Euro Birliği cenderesi dengeleri tehdit ediyor

Tuğrul BELLİ
Tuğrul BELLİ GÜNDEM tugrulbelli@gmail.com

Son küresel kriz serbest piyasa doktrininin temel varsayımlarının "her ahval ve şeraitte" geçerli olmadığını net bir şekilde ortaya koydu. Buna rağmen,ve Krugman ve Stiglitz gibi aklıbaşında iktisatçıların yalvarışlarına karşın, kriz sonrasında alınan (daha doğrusu "alınamayan") tedbirler bu paradigmanın aşılmasının ne kadar zor olduğunu da ispatlar nitelikte. ABD, biraz daha pragmatik bir yaklaşımla, enflasyon çığlıklarına aldırmadan para politikasını gevşeterek ekonomisinde kısmi bir toparlama sağlarken, Avrupa bu konuda çok geç ve ürkek adımlar atabildi. Maliye politikasında ise, piyasaların yüksek borçluluk oranları saplantısı gereken adımların atılması önünde Atlantik'in her iki yakasında da ciddi bir handikap oluşturdu ve oluşturmaya da devam ediyor.  

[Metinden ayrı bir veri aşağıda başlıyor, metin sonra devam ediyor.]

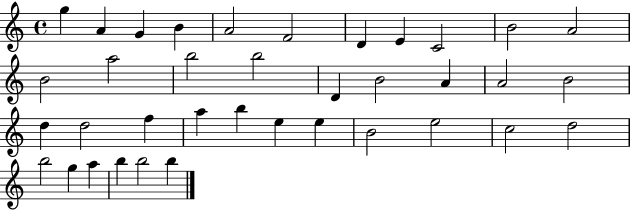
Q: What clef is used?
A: treble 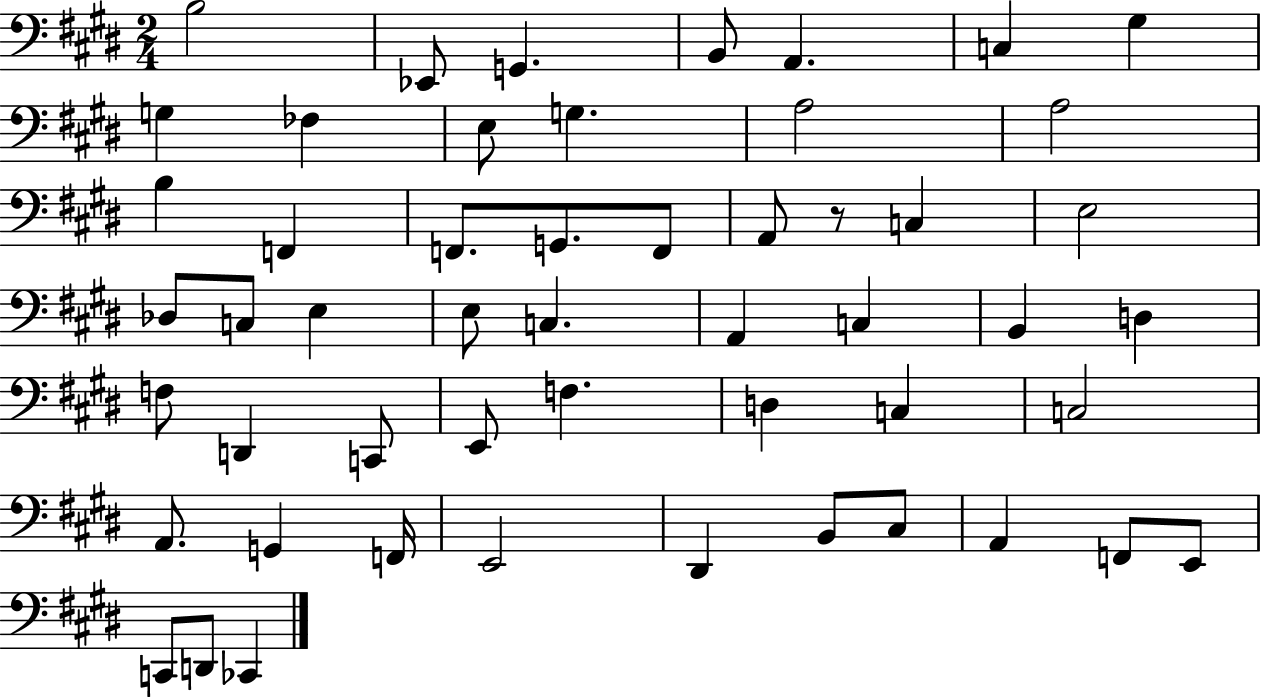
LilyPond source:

{
  \clef bass
  \numericTimeSignature
  \time 2/4
  \key e \major
  b2 | ees,8 g,4. | b,8 a,4. | c4 gis4 | \break g4 fes4 | e8 g4. | a2 | a2 | \break b4 f,4 | f,8. g,8. f,8 | a,8 r8 c4 | e2 | \break des8 c8 e4 | e8 c4. | a,4 c4 | b,4 d4 | \break f8 d,4 c,8 | e,8 f4. | d4 c4 | c2 | \break a,8. g,4 f,16 | e,2 | dis,4 b,8 cis8 | a,4 f,8 e,8 | \break c,8 d,8 ces,4 | \bar "|."
} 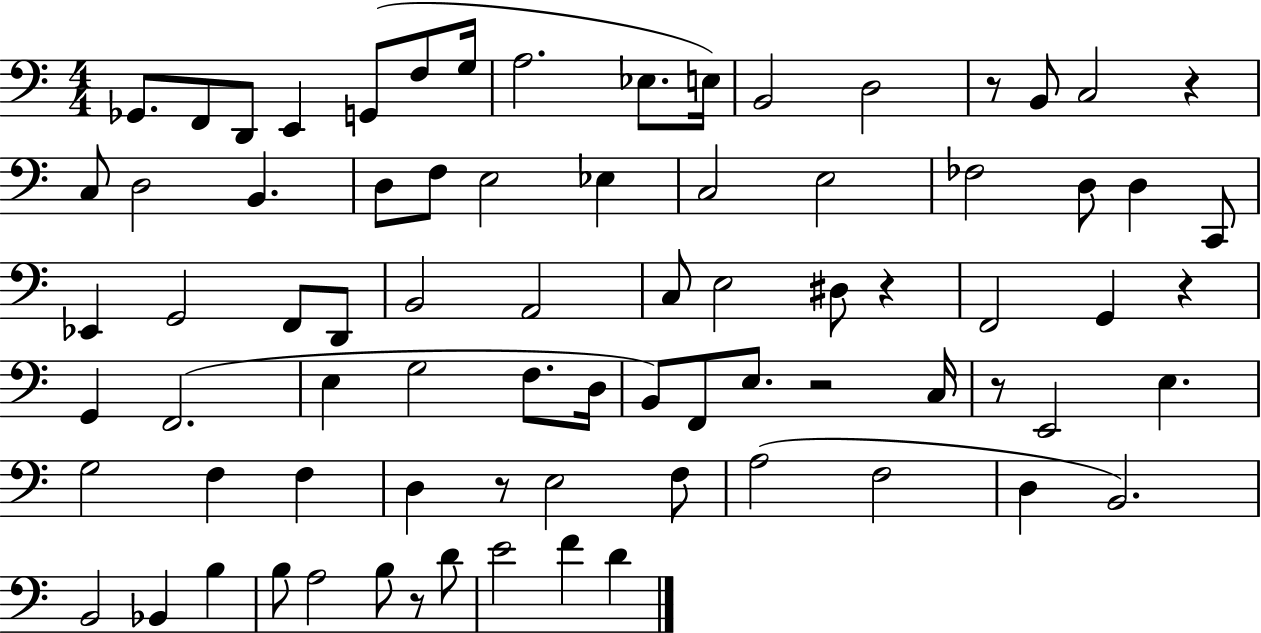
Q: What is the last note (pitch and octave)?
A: D4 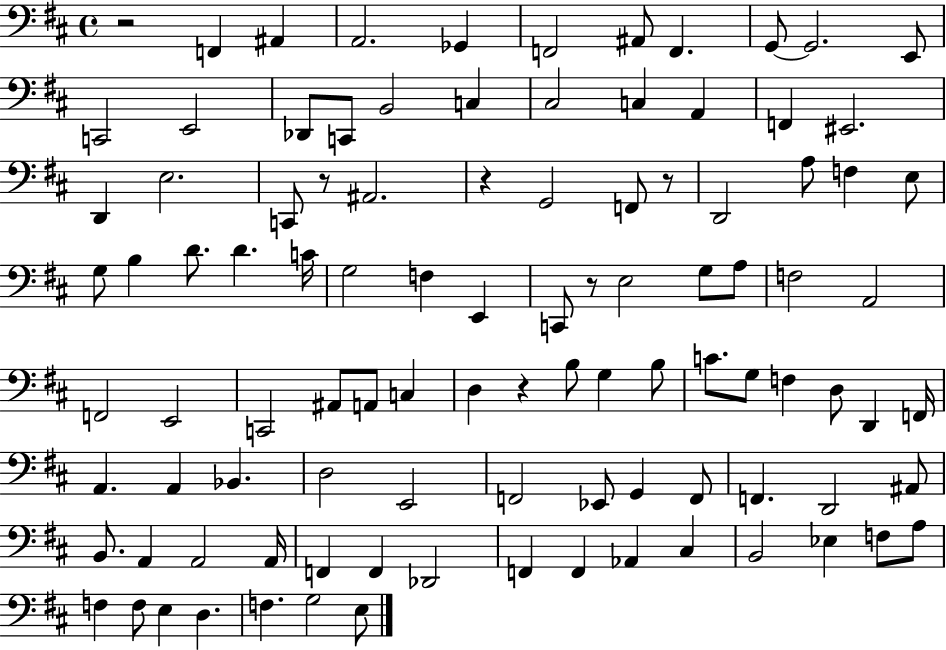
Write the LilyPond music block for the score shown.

{
  \clef bass
  \time 4/4
  \defaultTimeSignature
  \key d \major
  r2 f,4 ais,4 | a,2. ges,4 | f,2 ais,8 f,4. | g,8~~ g,2. e,8 | \break c,2 e,2 | des,8 c,8 b,2 c4 | cis2 c4 a,4 | f,4 eis,2. | \break d,4 e2. | c,8 r8 ais,2. | r4 g,2 f,8 r8 | d,2 a8 f4 e8 | \break g8 b4 d'8. d'4. c'16 | g2 f4 e,4 | c,8 r8 e2 g8 a8 | f2 a,2 | \break f,2 e,2 | c,2 ais,8 a,8 c4 | d4 r4 b8 g4 b8 | c'8. g8 f4 d8 d,4 f,16 | \break a,4. a,4 bes,4. | d2 e,2 | f,2 ees,8 g,4 f,8 | f,4. d,2 ais,8 | \break b,8. a,4 a,2 a,16 | f,4 f,4 des,2 | f,4 f,4 aes,4 cis4 | b,2 ees4 f8 a8 | \break f4 f8 e4 d4. | f4. g2 e8 | \bar "|."
} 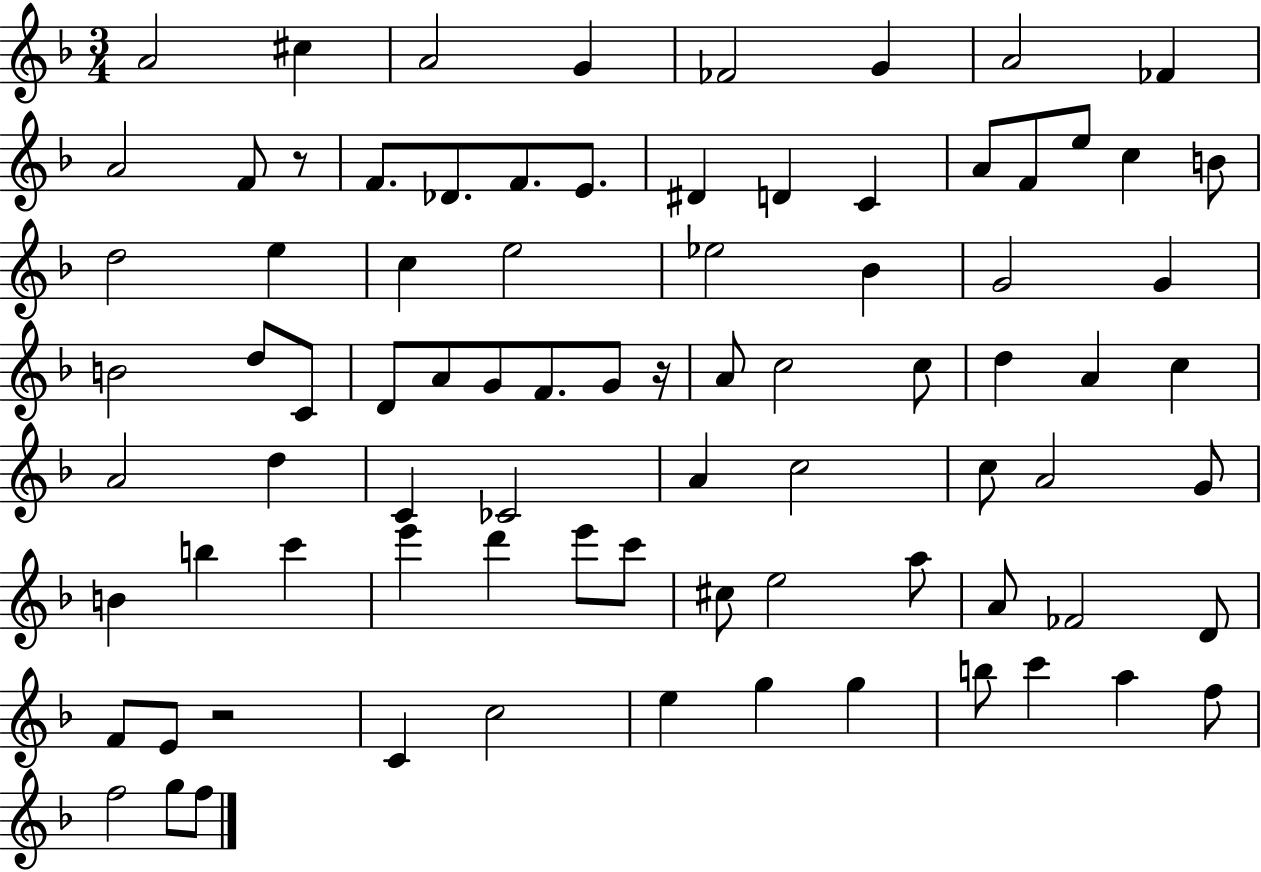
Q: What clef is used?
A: treble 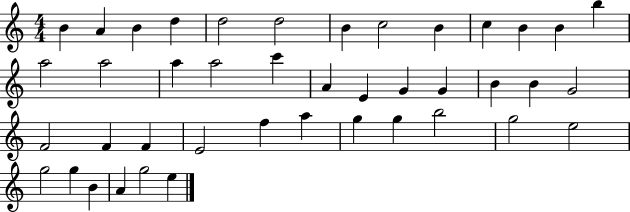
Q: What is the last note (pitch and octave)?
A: E5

Ekonomik sistemlerde tek bir doğru yok. Her ülke kendi sosyal, kültürel ve fiziki altyapısına, ve de doğal kaynaklarına göre kendine bir yol çizmek durumunda. Bugün, ikisini de kapitalist olarak nitelendiriyorsak da, Çin'in ve ABD'nin ekonomik sistemlerinin birbirine benzediğini iddia etmek imkansız. Ancak ikisi de (bulundukları ekonomik gelişmişlik düzeyi dikkate alındığında) kendi kulvarlarında başarılı. Euro Birliği'ne girinceye kadar başta İtalya ve İspanya olmak üzere Güney Avrupa ülkeleri için de aynı şeyi söyleyebilirdik. Ancak, Euro Birliği'ne girdikten sonra, kendi ekonomi politikalarını belirleme özerkliğini kaybetmeleriyle birlikte ekonomik dengeleri de bozulmaya başladı. İtalya, her daim koalisyonlarla yönetilen, bu nedenle örneğin işgücü piyasalarında Almanya'nın 1999'da yaptığı gibi maliyetleri baskılayan bir toplumsal konsensüsü kabullenmeyen, onun yerine zaman içinde zayıflayan rekabetçiliğini her 3-5 senede bir yarattığı devalüasyonlarla koruyan bir sistemi benimsemişti. Peki başarısız mıydı? Hayır. 2000 yılında İtalya'nın kişi başına düşen milli hasılası Almanya ile aynı ve 15 Euro Birliği üyesinin ortalama milli hasılasının da %5.5 üzerindeydi. Ancak Euro Birliği içindeki 8 yıl sonunda, 2008 yılına gelindiğinde milli hasılası Almanya'nın %10.5 ve Euro bölgesi ülkelerinin ise %5 gerisine düşmüştü. 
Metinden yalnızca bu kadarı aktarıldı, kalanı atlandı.